Sam relaxes in the sun by the creek.
I volunteer at a local animal shelter. We have dogs and cats, pigs and chickens, horses and sheep. I think we even had an emu once! Every day people come in to look for their next pet, which is a wonderful thing. Unless you have a specific need for a special kind of working dog or show dog, there really is no need to get a purebred dog. There are very nice dogs literally crying out for good homes at every shelter across the nation in every county.
So you've decided to go to the shelter and adopt a dog. How do you know which dog to adopt? The quick answer is "it depends."
It depends on your lifestyle, your home environment, and your personality. For example, if you live in an apartment you have to know that not all apartments will let dogs in. If you are a person who moves a lot, you must take into consideration that while your current place might allow a dog, it's not 100 percent that your next apartment will allow a dog. My daughter wanted a dog so badly for years but I told her that she shouldn't because #1 they are an expense and she didn't have much money, and #2 she moved around a lot.
At the shelter yesterday we had a really nice young dog surrendered to the shelter because the family had to leave their home to move to another town and an apartment because the dad got another job there. Having to surrender the dog broke everybody's heart. It might be better to just say no until you have a solid situation and know that you can always accommodate your pet.
So if you have your financial picture and your living situation settled it's time to think about what dog you want.
If you live in an apartment you need a toy, small or medium size dog. It's just not nice to keep a big dog cooped up in an apartment. You might just love the idea of a Malamute or a Mastiff, but those dogs would be miserable without room to run. You might think you can deal with it but then it turns out you can't. I know of a person who declared he would run with his new Dalmatian but when the dog stopped at every tree to lift his leg the idea of running for exercise became unattractive. So now he had a nervous dog cooped up in a house and it was a disaster.
At the shelter we get reports for lost huskies all the time. It's their nature to run. Do your research on what a dog was bred for. In the case of huskies, we know they were bred for running the Iditarod so what makes anyone think they would like to be cooped up. If you're already a dedicated runner maybe you can do it. Don't get all romantic. After all, you are responsible for the well-being of another creature and you need to take that responsibility seriously. Go into it with your eyes wide open.
If you live where you have a large yard then you can consider a large dog. Ask yourself this question: why do I want this dog? There are so many breeds of dog with so many temperaments it should be easy to find a dog that fits you to a "T", but that old adage "know thyself" has never been truer.

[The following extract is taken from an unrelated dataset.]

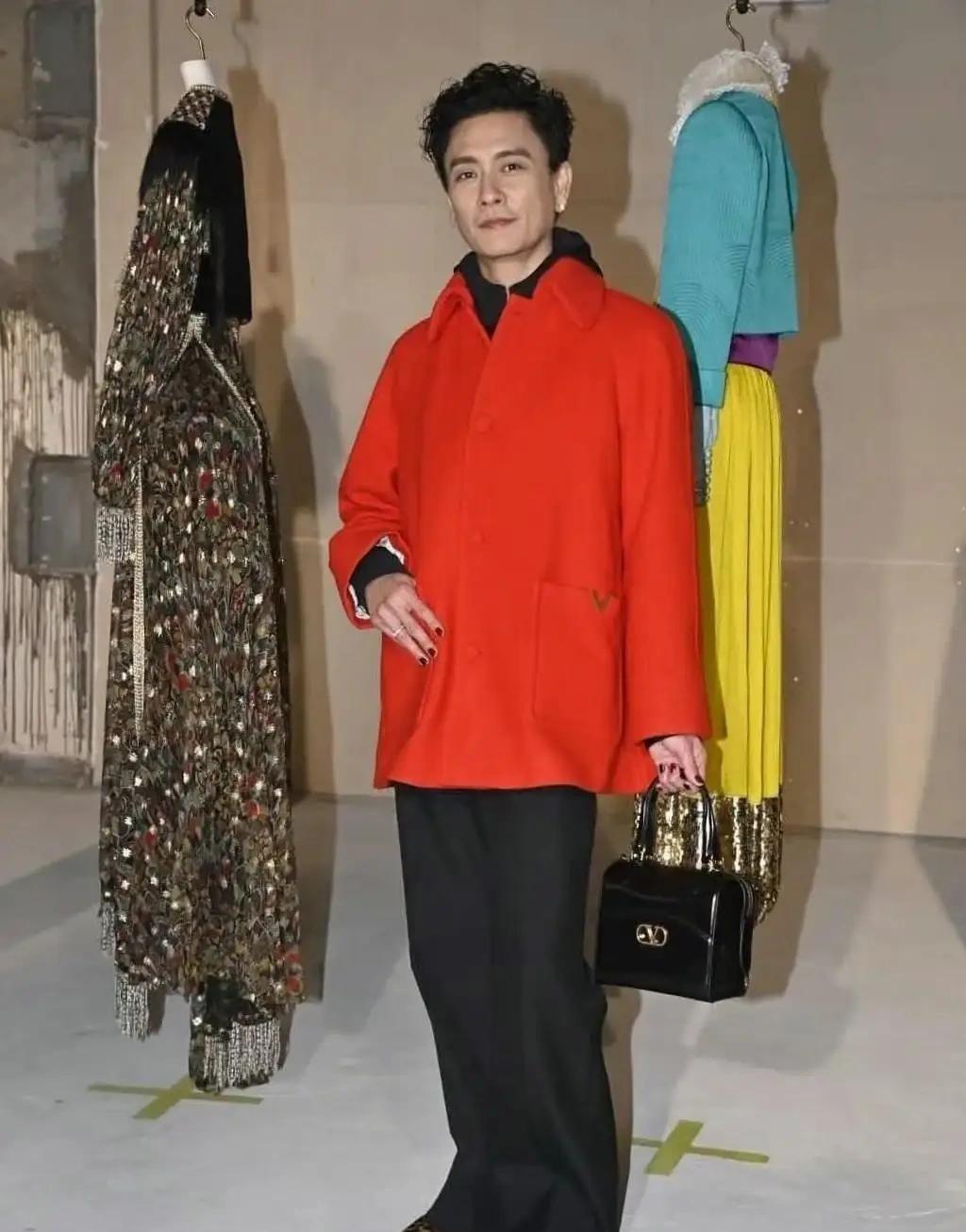 想不到吧，这人竟然是黄宗泽。姨味十足。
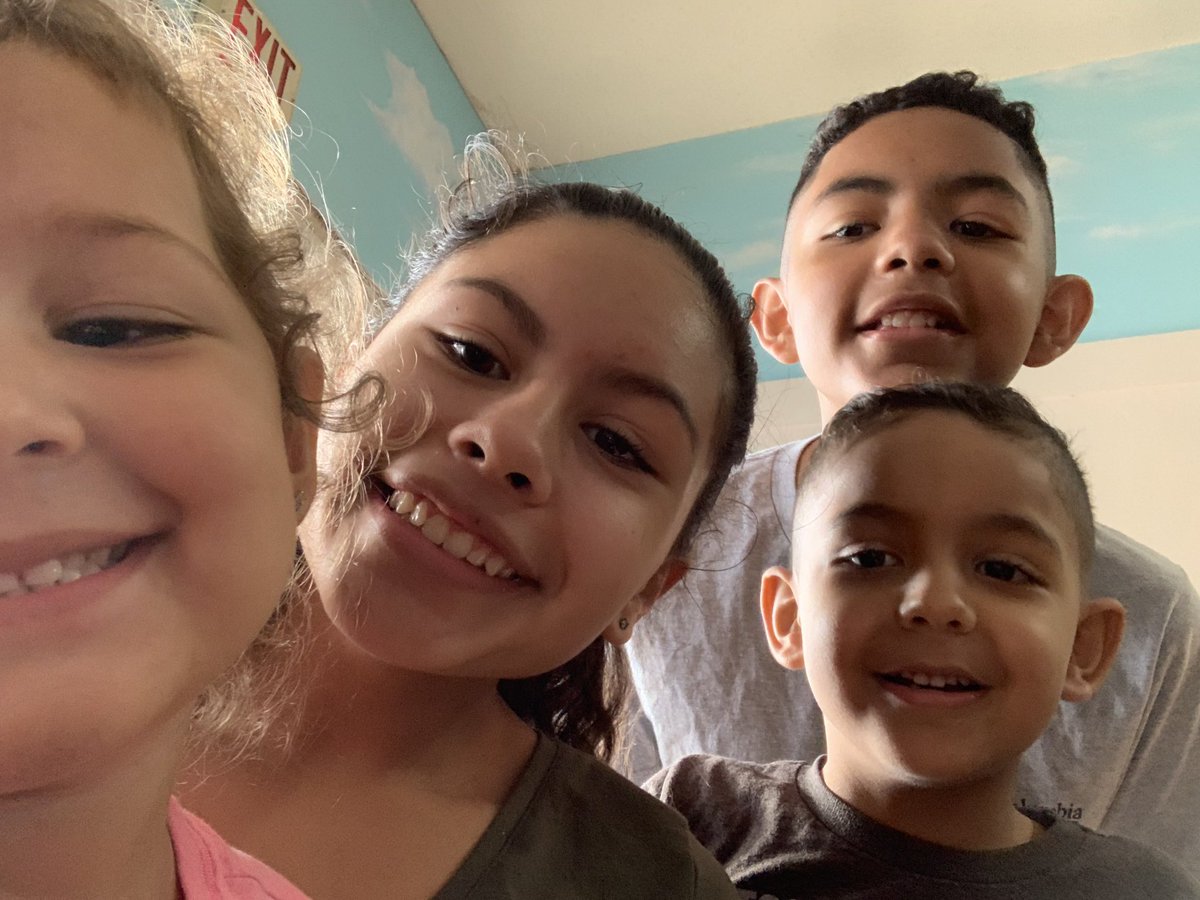 AgTeach_Sefcik's tweet photo. A fun filled weekend with family & great friends! #sooverdue #besties #bearkatsfootball #ourlittleczechxican #cousinbears #foreverfriends #roadtrips #toomanypicstopost https://t.co/qlSCWAw8pJ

When you go to the shelter the staff will help match you up with a dog that fits you. Brace yourself for seeing dogs begging for love because dogs just have that instinct. However, they don't know how to pick people so you need to pick for them. That American Staffordshire terrier bounding against the kennel door will look so sweet that you will want to take it home. You just have to say " I love you but I'm not the right person for you. Someone will come along who is the right person and you'll find them soon I promise!" (Unless you know you can handle the idiosyncrasies of having a pit bull then go for it! They can be wonderful dogs.)
It's hard on you and hard on the dog to have to take them back after they've ripped up your furniture and peed on all the plants. You chose with your heart and not your mind and that's bad for you both. The shelter will possibly have a yard so you and the dog can interact freely. When we got our Teddy I should have paid attention to the fact that while he was not aggressive, he also showed clearly that he was not that into people by running all around the yard and ignoring us until we coaxed him with a treat.
That independence is good for some people but not most. We still have Teddy six years later and he is what he is. We've accepted him warts and all and he mostly likes us!
Generally speaking: Hounds like to run. Terriers like to dig. Toys like to bark. Mastiffs eat and poop and pee a lot. Border collies need a job to do. Again, read up on your dog breed. Even if you are going to the shelter where invariably you will not find a purebred and they're all Heinz 57s, knowing the mix of your dog will help you a lot. Teddy, for example, is a chow mix. I found out the hard way that an insurance company would not insure us because we had a chow mix. They lumped the chow in with pit bulls. That was a big surprise so I'm letting you know now.
Also your options for outdoor activity will narrow with a dog. Not all national parks and preserves allow dogs. You might be confined to a neighborhood walk or the dog park
Lastly, always get your dog fixed! At the shelter we have so many people come in and say my dog is lost. We ask if it's fixed and they say no. Many people don't realize that their unneutered dog will have the urge to go look for girlfriends. If you have them fixed you're giving them a longer and better life. It breaks my heart to see a lost Chihuahua standing confused in the middle of the street with big trucks whizzing around it because he wasn't neutered and he's looking for love in all the wrong places.
If you do your homework and choose wisely, dog ownership is a great adventure. We love our two dogs and they love us. Life would be less if we didn't have them.